"""

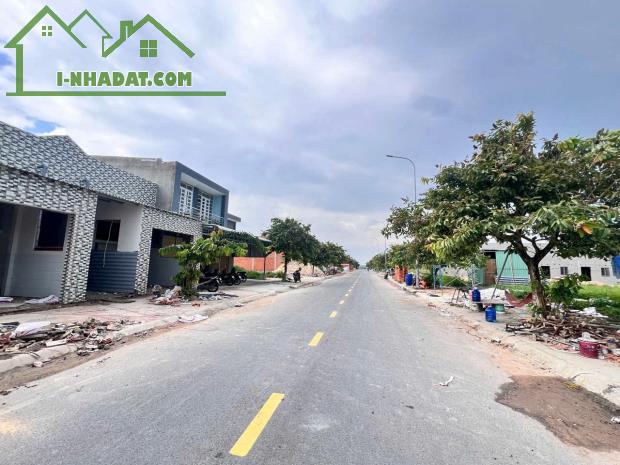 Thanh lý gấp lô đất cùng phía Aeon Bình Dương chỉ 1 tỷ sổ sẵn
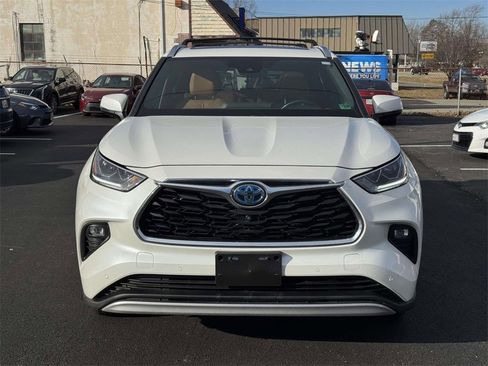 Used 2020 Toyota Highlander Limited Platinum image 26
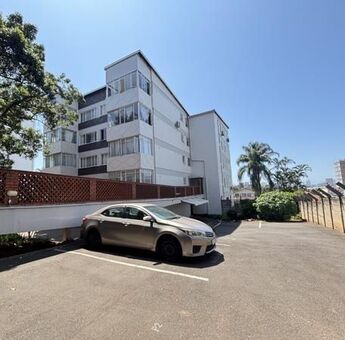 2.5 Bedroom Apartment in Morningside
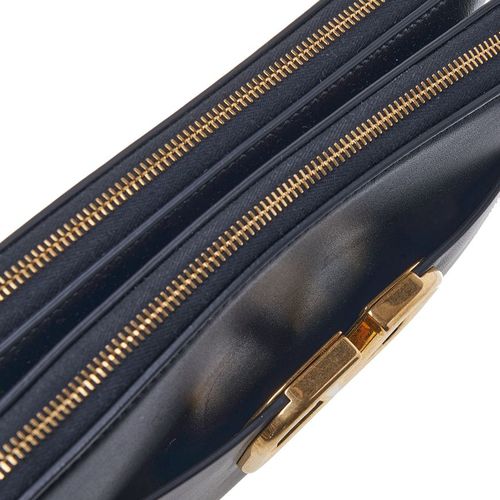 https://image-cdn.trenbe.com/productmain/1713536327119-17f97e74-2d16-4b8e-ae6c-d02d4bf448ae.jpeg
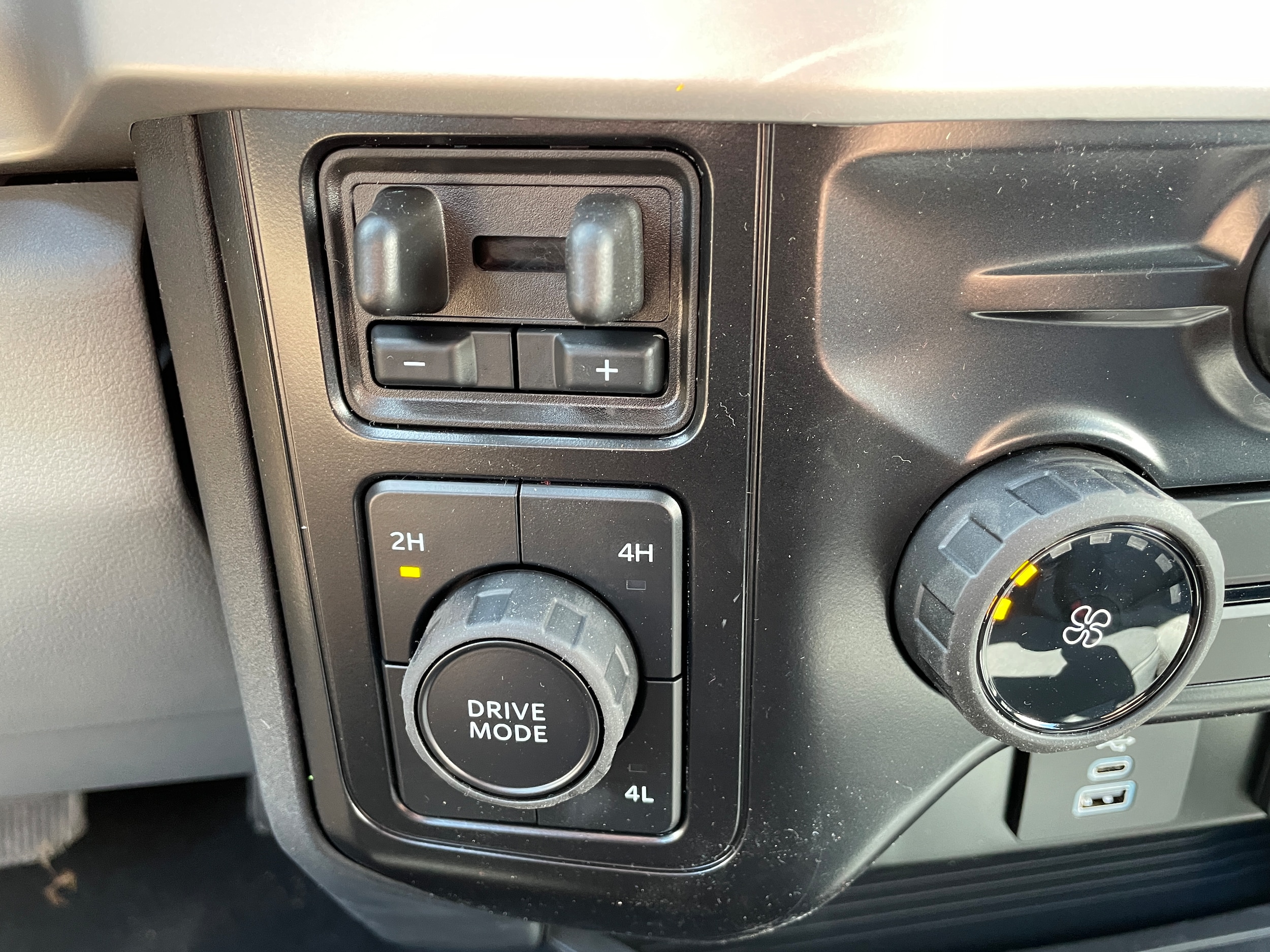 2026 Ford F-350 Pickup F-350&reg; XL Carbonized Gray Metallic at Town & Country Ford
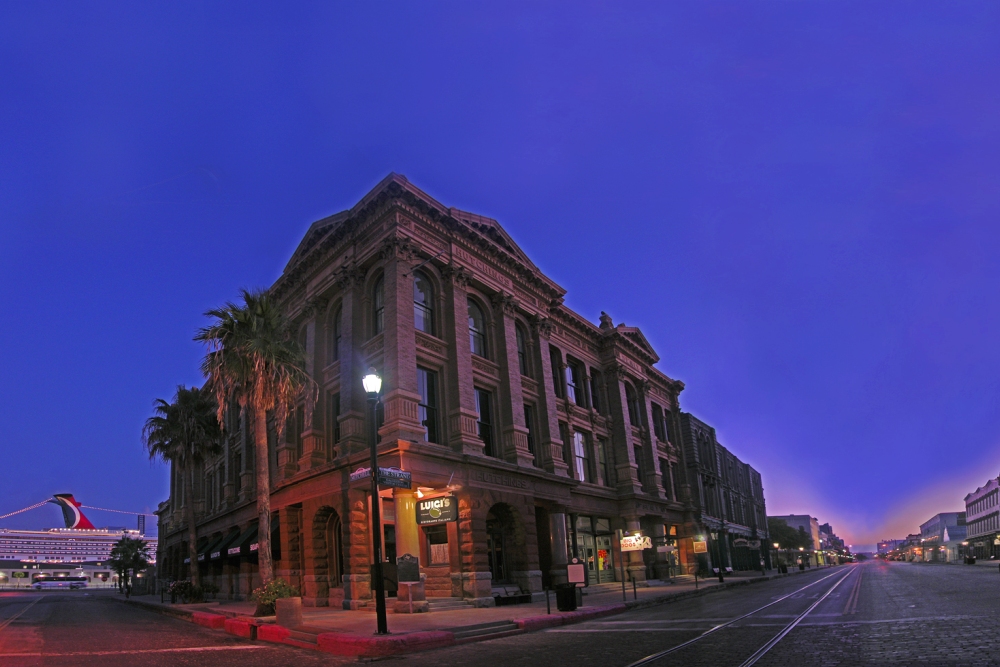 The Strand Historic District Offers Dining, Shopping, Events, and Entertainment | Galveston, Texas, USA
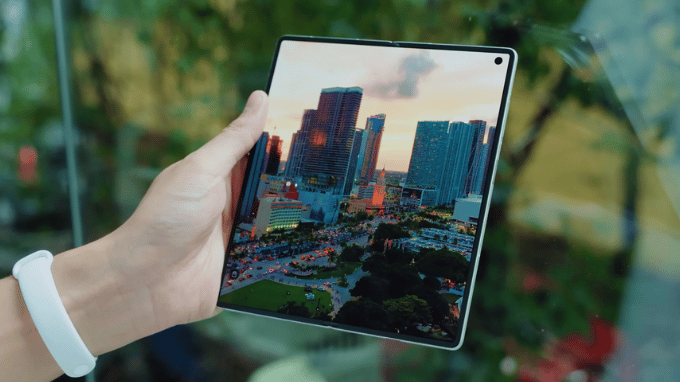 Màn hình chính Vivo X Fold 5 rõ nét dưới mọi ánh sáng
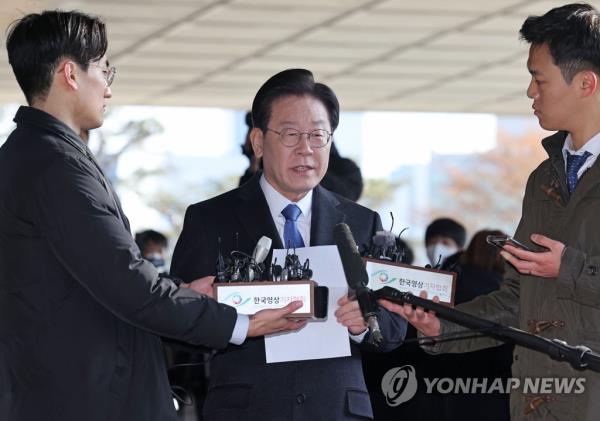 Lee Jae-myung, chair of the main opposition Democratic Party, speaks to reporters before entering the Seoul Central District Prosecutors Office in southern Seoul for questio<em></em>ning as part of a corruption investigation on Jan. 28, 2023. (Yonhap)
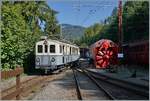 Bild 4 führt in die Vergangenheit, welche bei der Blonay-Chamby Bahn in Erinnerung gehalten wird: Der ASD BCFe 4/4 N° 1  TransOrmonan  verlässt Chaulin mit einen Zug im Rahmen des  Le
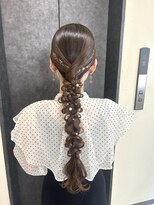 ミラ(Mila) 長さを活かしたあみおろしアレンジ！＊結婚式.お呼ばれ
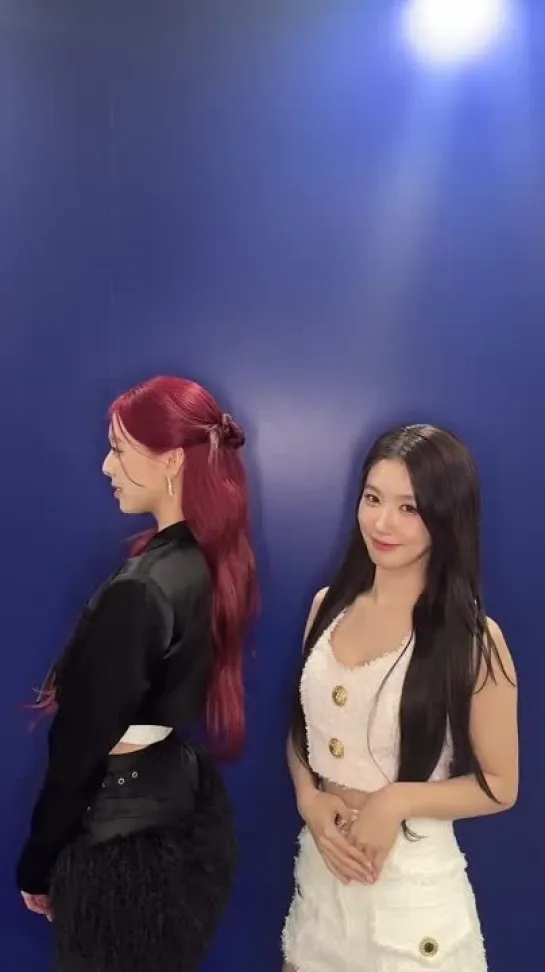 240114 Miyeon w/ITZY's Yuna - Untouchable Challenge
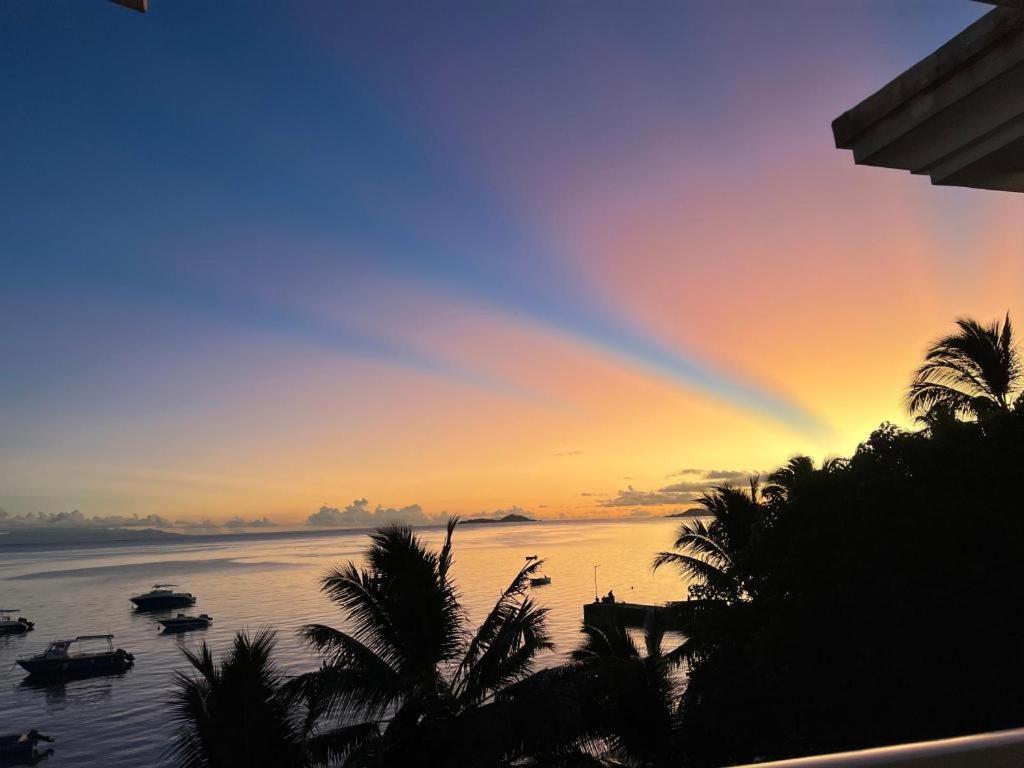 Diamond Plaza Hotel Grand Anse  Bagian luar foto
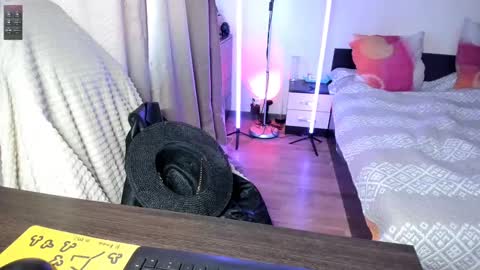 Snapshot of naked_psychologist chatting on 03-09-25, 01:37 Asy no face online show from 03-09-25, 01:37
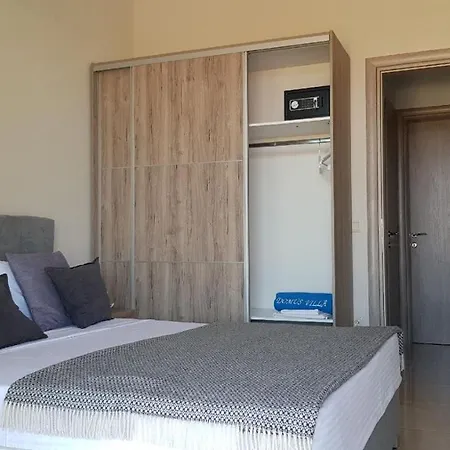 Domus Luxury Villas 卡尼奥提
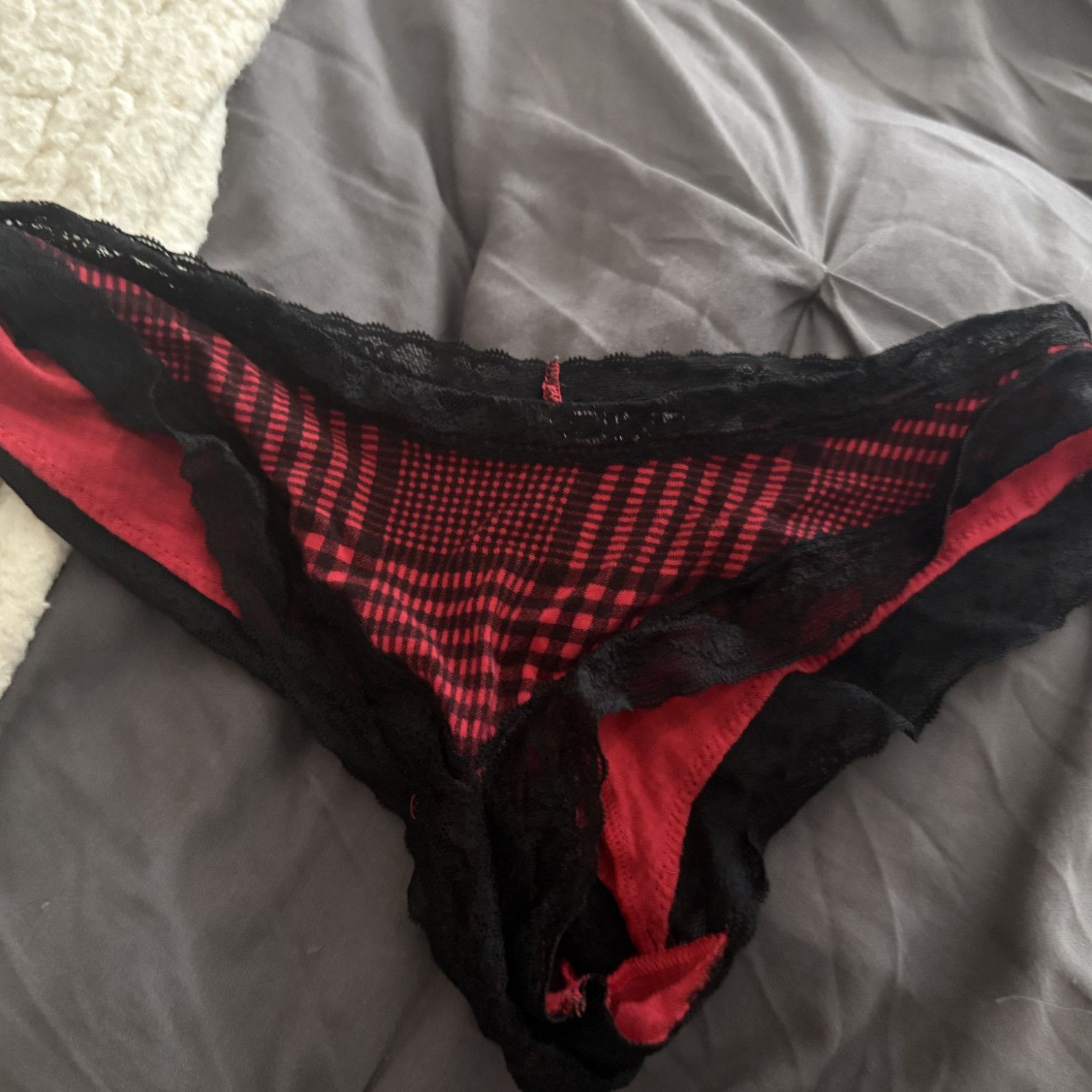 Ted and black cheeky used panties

"""

> [TASK DESCRIPTION]: From the line that contains "The Strand Historic" to the last line of the records above, copy each line exactly, both ends included, and leave the pictures out.

> [ANSWER TO THIS EXERCISE]:
 The Strand Historic District Offers Dining, Shopping, Events, and Entertainment | Galveston, Texas, USA
 Màn hình chính Vivo X Fold 5 rõ nét dưới mọi ánh sáng
 Lee Jae-myung, chair of the main opposition Democratic Party, speaks to reporters before entering the Seoul Central District Prosecutors Office in southern Seoul for questio<em></em>ning as part of a corruption investigation on Jan. 28, 2023. (Yonhap)
 Bild 4 führt in die Vergangenheit, welche bei der Blonay-Chamby Bahn in Erinnerung gehalten wird: Der ASD BCFe 4/4 N° 1  TransOrmonan  verlässt Chaulin mit einen Zug im Rahmen des  Le
 ミラ(Mila) 長さを活かしたあみおろしアレンジ！＊結婚式.お呼ばれ
 240114 Miyeon w/ITZY's Yuna - Untouchable Challenge
 Diamond Plaza Hotel Grand Anse  Bagian luar foto
 Snapshot of naked_psychologist chatting on 03-09-25, 01:37 Asy no face online show from 03-09-25, 01:37
 Domus Luxury Villas 卡尼奥提
 Ted and black cheeky used panties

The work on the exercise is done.